MovieChat Forums > Bom yeoreum gaeul gyeoul geurigo bom (2004) Discussion > This movie teaches you the FUTILITY abou...

This movie teaches you the FUTILITY about meditation, spritualism, etc


The movie will be dealt with in the end, after dealing with the premise the movie is made on.

Ive allways believed that mediatation and spiritualism is self destructive because it gives you inner peace but it does not change the reality around you. Its like if a boat has holes and is sinking, you have to fix the holes.
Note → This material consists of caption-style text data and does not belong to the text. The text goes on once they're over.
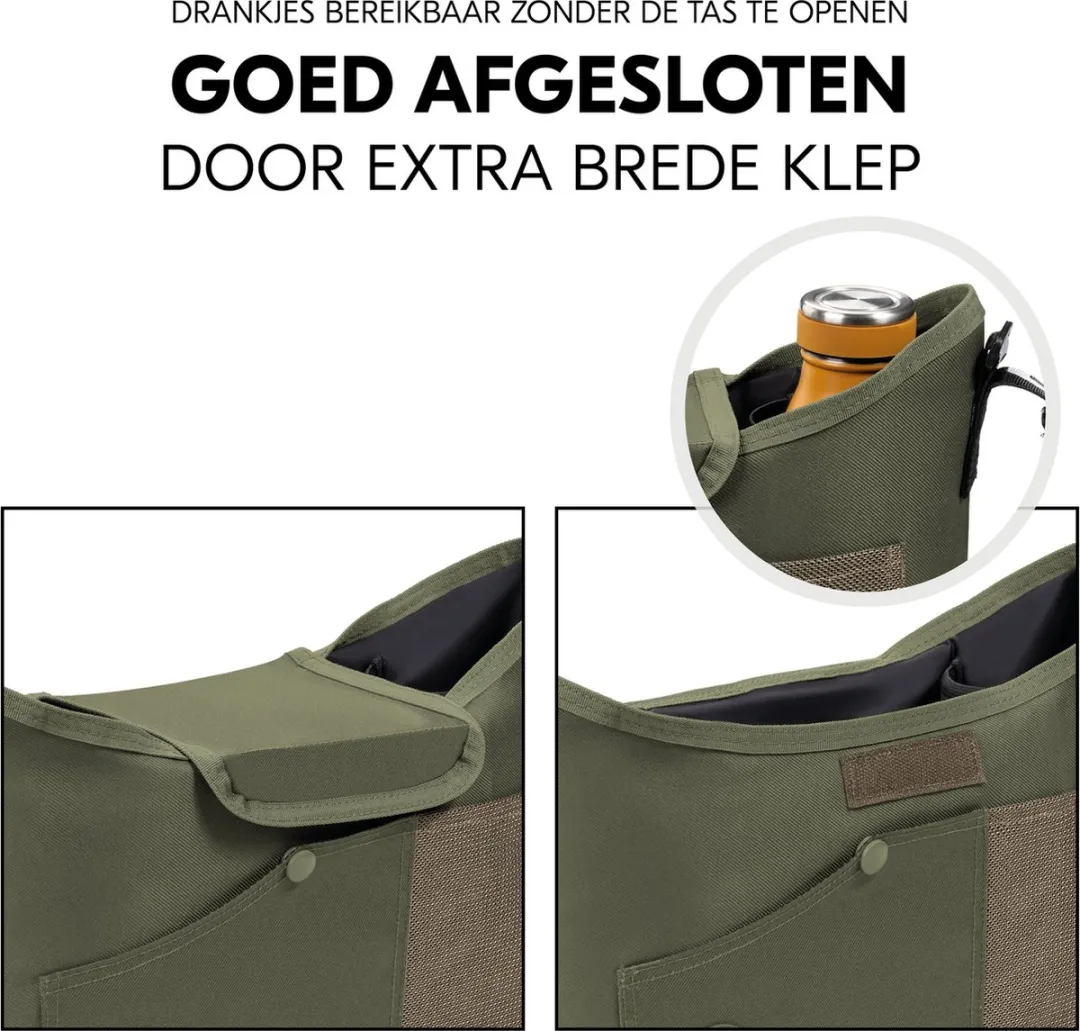 Hauck Pushchair Bag Kinderwagenaccessoire - Olive - afbeelding 6 van 6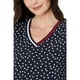 thumbnail image 3 of Camiseta Tommy Hilfiger de manga corta con cuello en V y lunares para mujer, 3 of 3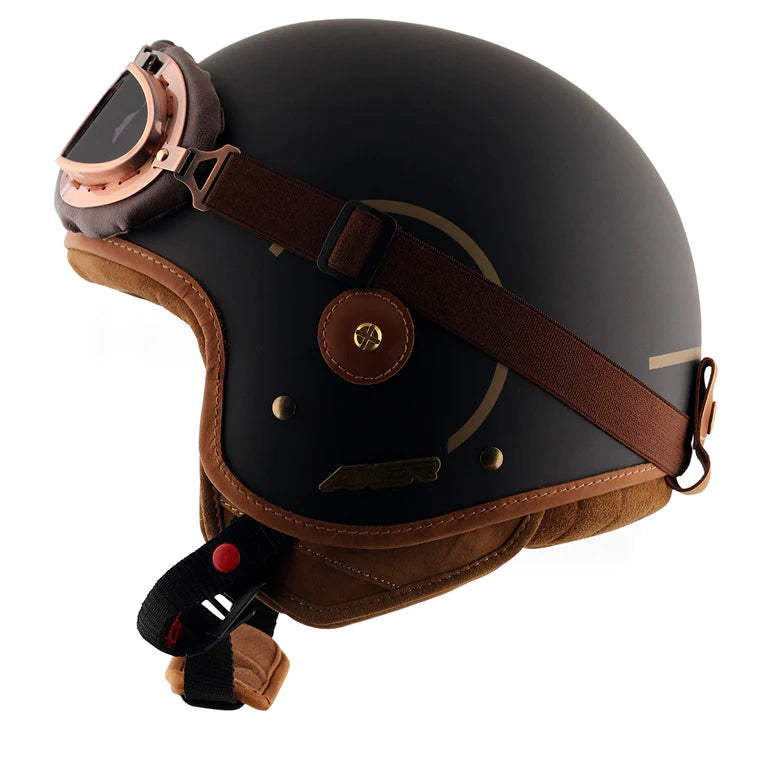 AXOR CHE OPEN FACE HELMET WITH RUIN GOGGLE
But if you start painting the boat and start that *beep* ....i have such a lovely boat, radiant clours, webs of light, i am so happy and at peace then, well, thats the end of you.

Ironically, meditation might make some sense in the Western World where there are plenty of opportunities to start a new life. In India, where i come from, i have seen so many families being ruined because of a wrong decicion. If the father or mother has problems and he escapes it by mediatation, he finds his inner peace but the children are exposed to the harsh reality and they suffer.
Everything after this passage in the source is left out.